Exercise prompt.
Each line of the data below between the one containing "Cosa controllare prima" and the one containing "Roots and Herbs Lemon Essential Oil", both included, is to be repeated exactly. Please omit pictures.

Records provided.
- Opening Delimiter -

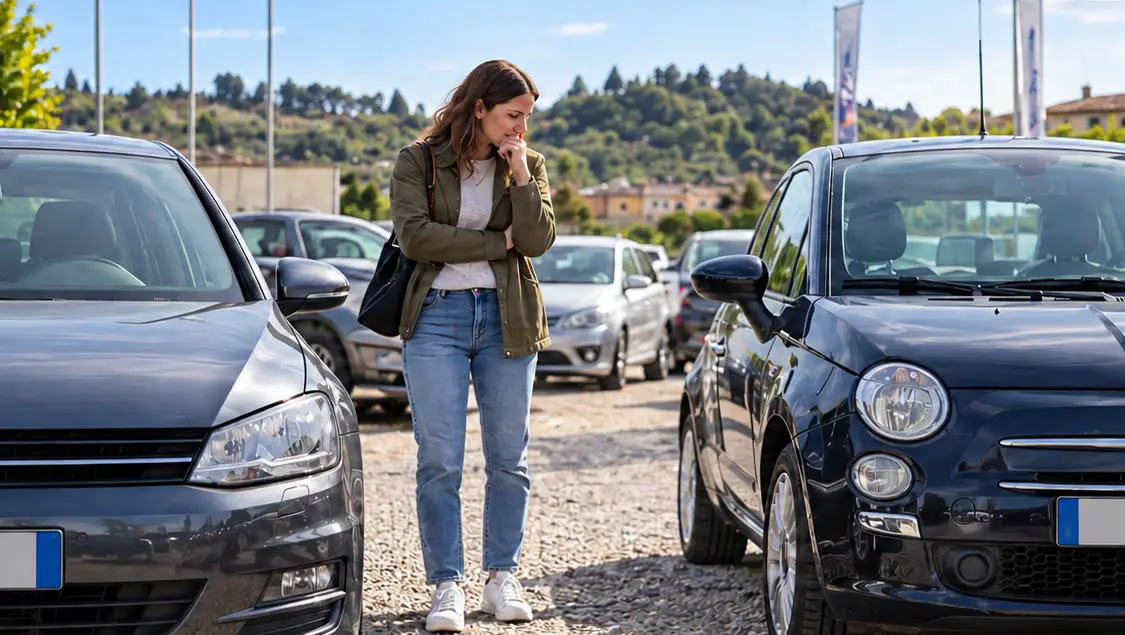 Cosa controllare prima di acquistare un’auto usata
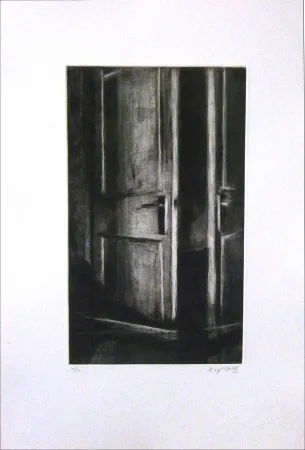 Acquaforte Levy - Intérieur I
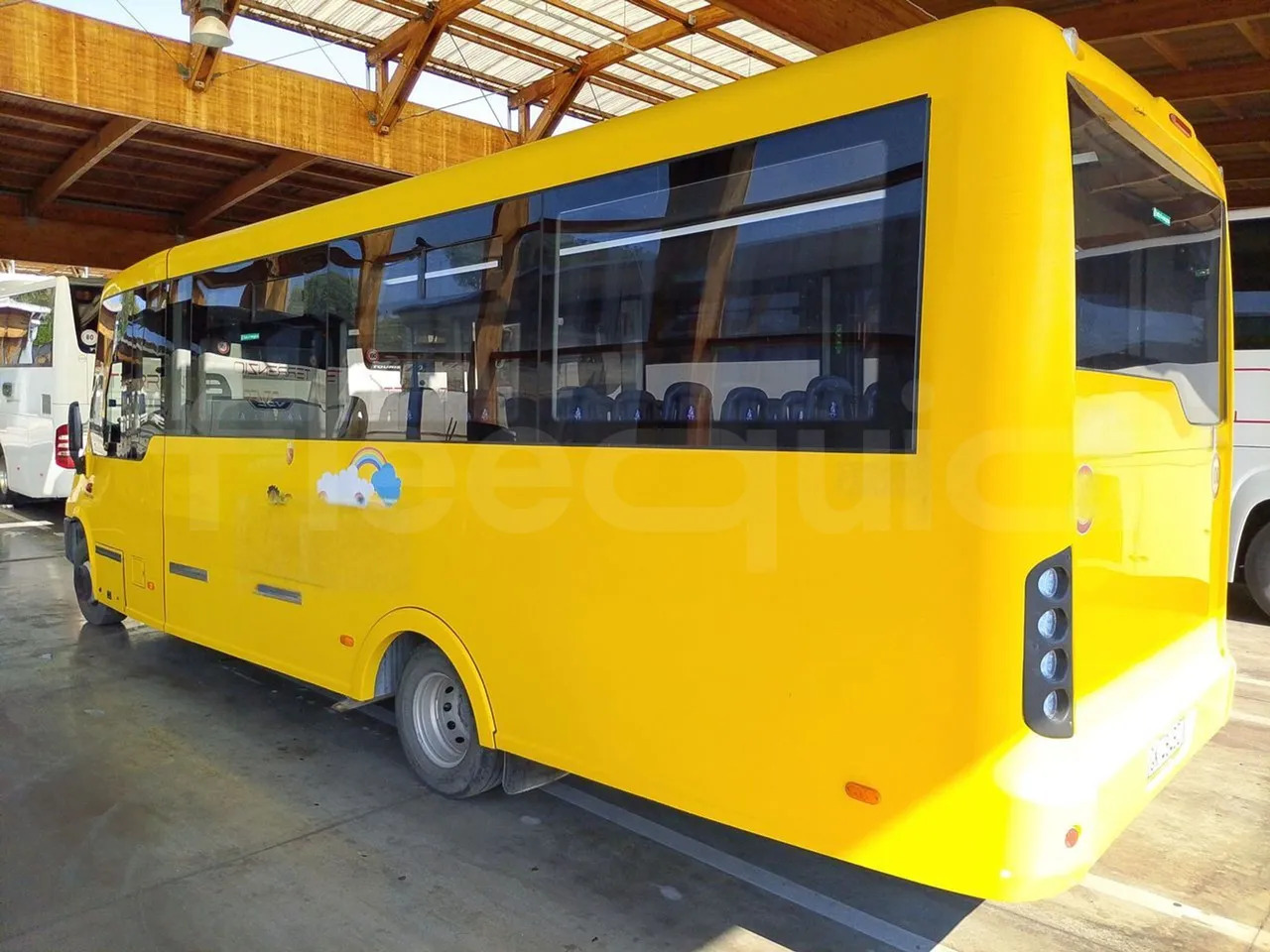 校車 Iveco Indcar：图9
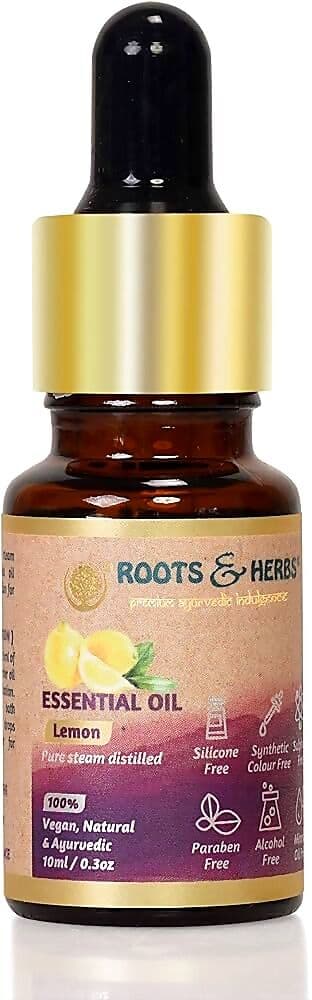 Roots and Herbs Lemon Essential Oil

- Closing Delimiter -
- Opening Delimiter -

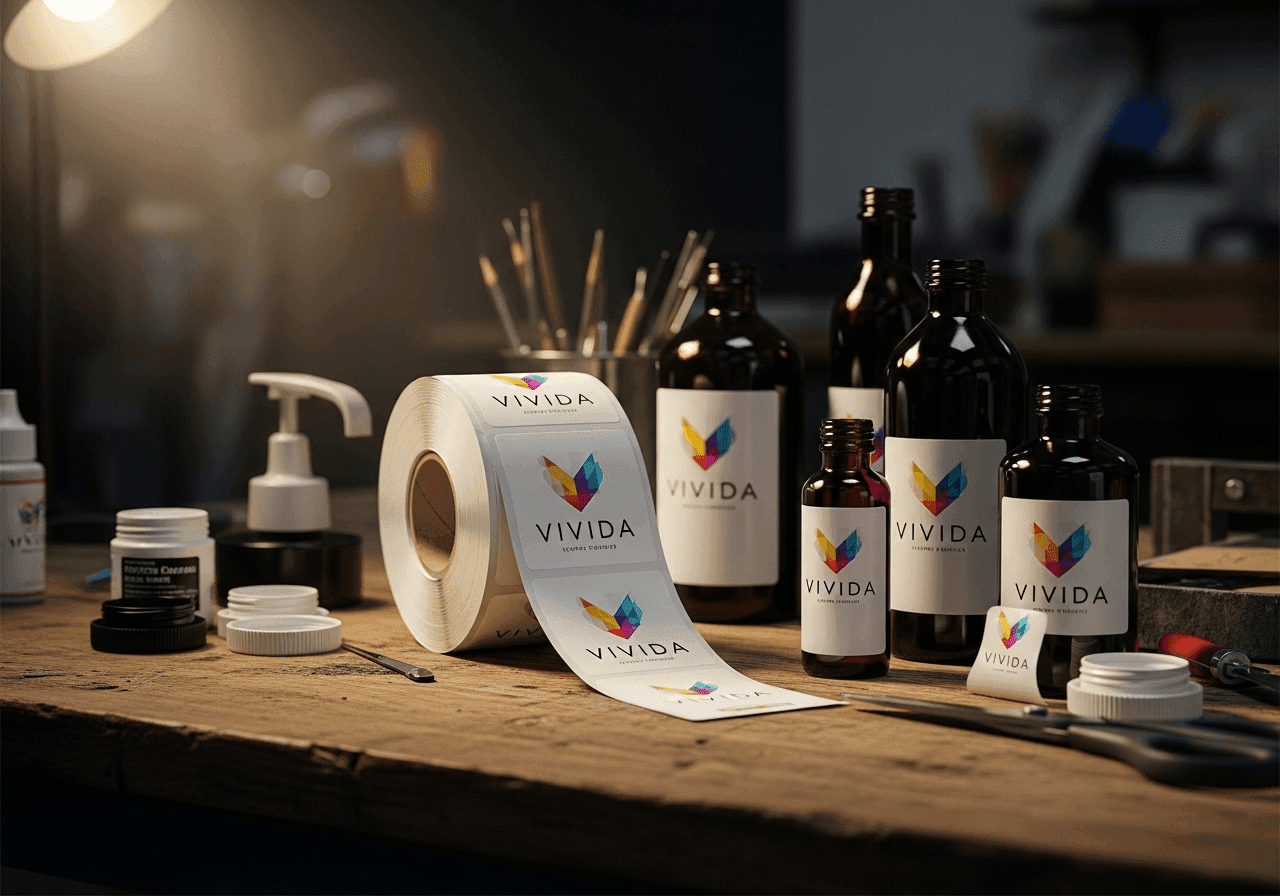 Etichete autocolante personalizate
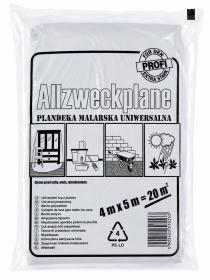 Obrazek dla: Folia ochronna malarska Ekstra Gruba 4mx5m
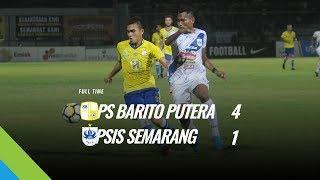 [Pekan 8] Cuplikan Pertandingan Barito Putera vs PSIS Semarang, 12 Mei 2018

- Closing Delimiter -

Result for this exercise.
 Cosa controllare prima di acquistare un’auto usata
 Acquaforte Levy - Intérieur I
 校車 Iveco Indcar：图9
 Roots and Herbs Lemon Essential Oil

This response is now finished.